MATERIAL FOR THIS TASK
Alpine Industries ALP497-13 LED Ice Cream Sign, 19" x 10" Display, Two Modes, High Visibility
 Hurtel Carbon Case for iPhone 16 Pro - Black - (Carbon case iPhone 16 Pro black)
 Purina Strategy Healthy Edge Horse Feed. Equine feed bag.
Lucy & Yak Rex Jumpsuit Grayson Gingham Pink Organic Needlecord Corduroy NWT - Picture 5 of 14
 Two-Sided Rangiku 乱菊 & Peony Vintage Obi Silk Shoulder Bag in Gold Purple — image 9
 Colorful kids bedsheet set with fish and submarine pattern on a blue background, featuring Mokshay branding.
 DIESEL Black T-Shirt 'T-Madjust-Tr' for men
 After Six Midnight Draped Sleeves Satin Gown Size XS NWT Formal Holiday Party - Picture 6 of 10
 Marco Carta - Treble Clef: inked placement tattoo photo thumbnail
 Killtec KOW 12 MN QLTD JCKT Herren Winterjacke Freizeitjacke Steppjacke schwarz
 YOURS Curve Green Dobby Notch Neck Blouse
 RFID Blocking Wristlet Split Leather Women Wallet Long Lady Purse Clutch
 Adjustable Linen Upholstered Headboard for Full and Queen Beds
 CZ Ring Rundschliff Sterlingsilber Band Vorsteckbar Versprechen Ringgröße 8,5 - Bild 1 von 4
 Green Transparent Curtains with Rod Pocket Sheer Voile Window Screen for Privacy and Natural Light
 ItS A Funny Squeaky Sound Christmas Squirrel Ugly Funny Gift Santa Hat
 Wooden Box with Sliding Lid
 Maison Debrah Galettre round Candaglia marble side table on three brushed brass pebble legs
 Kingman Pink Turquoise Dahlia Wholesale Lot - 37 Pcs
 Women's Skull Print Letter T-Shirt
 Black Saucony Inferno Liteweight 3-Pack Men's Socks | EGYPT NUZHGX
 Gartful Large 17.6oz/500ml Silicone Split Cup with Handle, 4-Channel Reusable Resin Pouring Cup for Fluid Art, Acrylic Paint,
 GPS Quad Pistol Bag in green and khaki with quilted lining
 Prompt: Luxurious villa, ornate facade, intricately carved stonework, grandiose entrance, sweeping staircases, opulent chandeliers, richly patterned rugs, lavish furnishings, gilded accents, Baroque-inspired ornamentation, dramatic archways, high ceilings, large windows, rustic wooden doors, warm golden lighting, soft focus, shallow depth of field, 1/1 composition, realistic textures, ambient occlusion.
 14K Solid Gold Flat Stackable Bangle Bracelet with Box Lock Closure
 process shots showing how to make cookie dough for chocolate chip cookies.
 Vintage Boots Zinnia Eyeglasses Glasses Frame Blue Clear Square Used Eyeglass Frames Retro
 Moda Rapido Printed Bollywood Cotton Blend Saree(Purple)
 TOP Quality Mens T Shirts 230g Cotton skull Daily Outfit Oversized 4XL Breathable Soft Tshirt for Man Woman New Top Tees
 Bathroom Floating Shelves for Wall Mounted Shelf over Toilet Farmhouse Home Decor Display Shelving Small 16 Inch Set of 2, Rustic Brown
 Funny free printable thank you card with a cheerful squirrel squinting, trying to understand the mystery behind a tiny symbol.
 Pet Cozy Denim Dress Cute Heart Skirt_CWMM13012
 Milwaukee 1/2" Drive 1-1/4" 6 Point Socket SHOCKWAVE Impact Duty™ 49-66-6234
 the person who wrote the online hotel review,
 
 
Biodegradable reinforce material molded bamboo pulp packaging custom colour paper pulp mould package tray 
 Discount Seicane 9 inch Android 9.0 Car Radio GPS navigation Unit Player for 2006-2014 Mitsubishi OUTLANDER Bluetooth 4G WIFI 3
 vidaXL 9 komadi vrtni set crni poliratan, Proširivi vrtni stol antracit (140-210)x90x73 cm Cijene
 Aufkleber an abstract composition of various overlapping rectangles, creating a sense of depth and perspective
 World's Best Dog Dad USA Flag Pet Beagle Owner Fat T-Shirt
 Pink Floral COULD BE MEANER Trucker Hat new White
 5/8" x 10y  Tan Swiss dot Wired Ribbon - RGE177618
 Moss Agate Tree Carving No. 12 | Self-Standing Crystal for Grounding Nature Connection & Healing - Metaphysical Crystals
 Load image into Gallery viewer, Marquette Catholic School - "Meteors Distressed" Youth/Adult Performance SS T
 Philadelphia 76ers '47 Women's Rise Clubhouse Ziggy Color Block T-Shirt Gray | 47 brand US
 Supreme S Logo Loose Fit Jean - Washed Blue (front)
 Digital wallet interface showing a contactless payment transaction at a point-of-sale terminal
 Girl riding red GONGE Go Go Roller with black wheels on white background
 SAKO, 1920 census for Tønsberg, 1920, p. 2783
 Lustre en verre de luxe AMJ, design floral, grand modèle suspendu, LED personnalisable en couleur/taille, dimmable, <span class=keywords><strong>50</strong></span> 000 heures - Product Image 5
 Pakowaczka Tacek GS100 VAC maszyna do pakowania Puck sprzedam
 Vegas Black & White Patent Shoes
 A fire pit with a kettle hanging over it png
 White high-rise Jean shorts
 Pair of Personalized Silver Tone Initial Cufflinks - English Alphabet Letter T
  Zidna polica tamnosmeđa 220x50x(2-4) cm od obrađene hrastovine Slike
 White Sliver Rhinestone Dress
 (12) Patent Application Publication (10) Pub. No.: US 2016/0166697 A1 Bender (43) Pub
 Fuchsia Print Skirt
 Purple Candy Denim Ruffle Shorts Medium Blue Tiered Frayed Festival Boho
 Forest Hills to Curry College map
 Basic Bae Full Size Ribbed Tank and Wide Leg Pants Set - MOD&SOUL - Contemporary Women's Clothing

THE TASK
Beginning at the line above with "Discount Seicane 9" and finishing at the line with "SAKO, 1920 census", return each line exactly and return nothing else.

TASK RESULT
 Discount Seicane 9 inch Android 9.0 Car Radio GPS navigation Unit Player for 2006-2014 Mitsubishi OUTLANDER Bluetooth 4G WIFI 3
 vidaXL 9 komadi vrtni set crni poliratan, Proširivi vrtni stol antracit (140-210)x90x73 cm Cijene
 Aufkleber an abstract composition of various overlapping rectangles, creating a sense of depth and perspective
 World's Best Dog Dad USA Flag Pet Beagle Owner Fat T-Shirt
 Pink Floral COULD BE MEANER Trucker Hat new White
 5/8" x 10y  Tan Swiss dot Wired Ribbon - RGE177618
 Moss Agate Tree Carving No. 12 | Self-Standing Crystal for Grounding Nature Connection & Healing - Metaphysical Crystals
 Load image into Gallery viewer, Marquette Catholic School - "Meteors Distressed" Youth/Adult Performance SS T
 Philadelphia 76ers '47 Women's Rise Clubhouse Ziggy Color Block T-Shirt Gray | 47 brand US
 Supreme S Logo Loose Fit Jean - Washed Blue (front)
 Digital wallet interface showing a contactless payment transaction at a point-of-sale terminal
 Girl riding red GONGE Go Go Roller with black wheels on white background
 SAKO, 1920 census for Tønsberg, 1920, p. 2783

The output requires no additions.